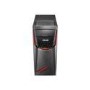 Refurbished Asus G11DF Ryzen 5-1400 8GB 1TB + 256GB RX 480 4GB Windows 10 Gaming Desktop PC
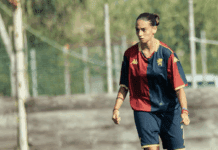 Genoa Women | Under 19 vince in Coppa Italia Primavera, Under 17 esordisce in Juniores. Tutti i risultati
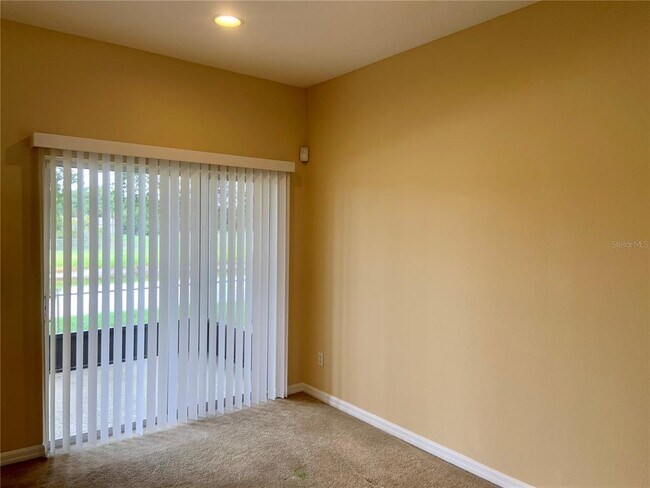 Foto del edificio - 3745 Clubside Pointe Dr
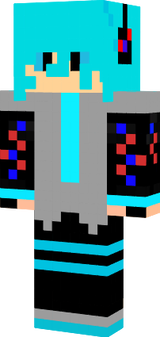 mikuo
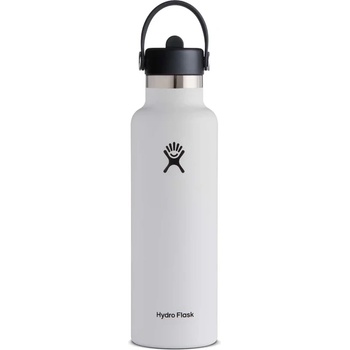 Hydro Flask Standard Mouth 0,62 l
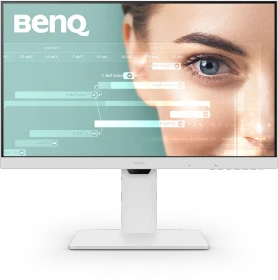 BenQ GW2786TC, 27"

━━━━━━━━━━

> [Problem statement]: Reproduce the material exactly; omit the pictures.

> [Task response]:
 Refurbished Asus G11DF Ryzen 5-1400 8GB 1TB + 256GB RX 480 4GB Windows 10 Gaming Desktop PC
 Genoa Women | Under 19 vince in Coppa Italia Primavera, Under 17 esordisce in Juniores. Tutti i risultati
 Foto del edificio - 3745 Clubside Pointe Dr
 mikuo
 Hydro Flask Standard Mouth 0,62 l
 BenQ GW2786TC, 27"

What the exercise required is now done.